There is one rule that continues to be proved true, if something is connected to the Internet: Someone will
try to break it.
It could be your web application, an exposed service (sshd, remote desktop), or pretty much anything that can be
accessed remotely. There is always that person trying to exploit it, whether for amusement or financial gain. If it's online, it is going to get hit.
For the bad guys doing it, they may use your resources to spread malware, use it as a way to attack others, or maybe leverage it for some crypto mining - often some action that benefits them - at your expense.
There are also the jerk attacks, where the bad guys don't gain anything from it. That's where
denial of service attacks fit in (also known as DoS or DDoS attacks). Bad actors work to disrupt the availability of your service, and your day.

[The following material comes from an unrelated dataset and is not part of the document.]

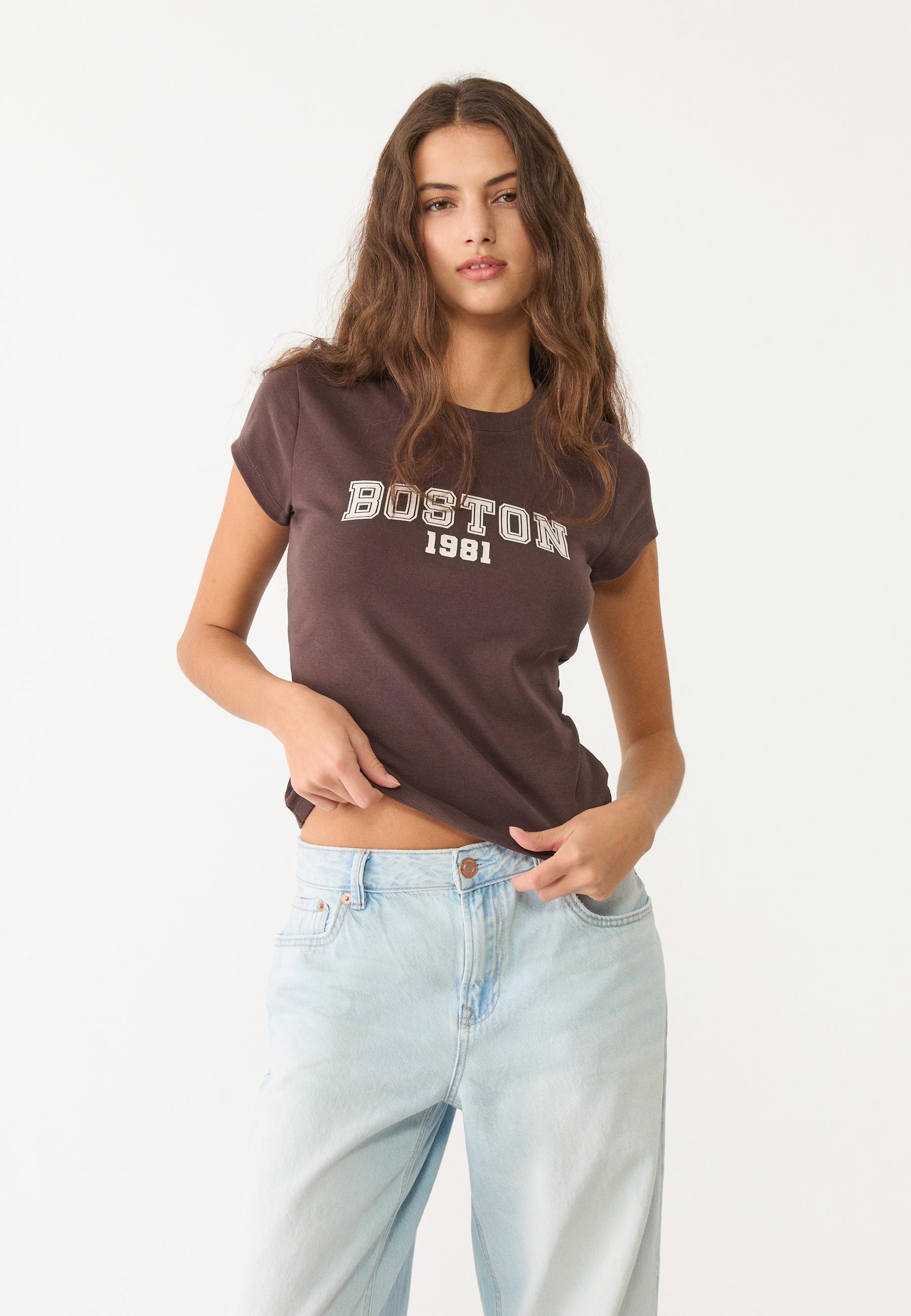 Fitted Boston print T-shirt - Women's fashion | Stradivarius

But don't gain much (or anything from it). They just want to see you down. Unless they are a competitor or trying to ransom you to stop the attacks. They
don't gain much.
One of the sites we service at NOC was attacked this past week with a DDOS attack. Out of curiosity, we did a dive into the logs to see what we can learn about the attack and to show how insightful logs can be to your DevSecOp operations. Let's see what we can learn.
First, there are many types of DDoS (Distributed Denial of Service) attacks. The one executed against this site was
a HTTP-flood, where the bad guys generated a large amount of HTTP/HTTPS requests to try to take the site down.
The attack didn't last long, probably because how ineffective it was behind our CDN / WAF platform, but it still generated enough logs to better understand what was going on.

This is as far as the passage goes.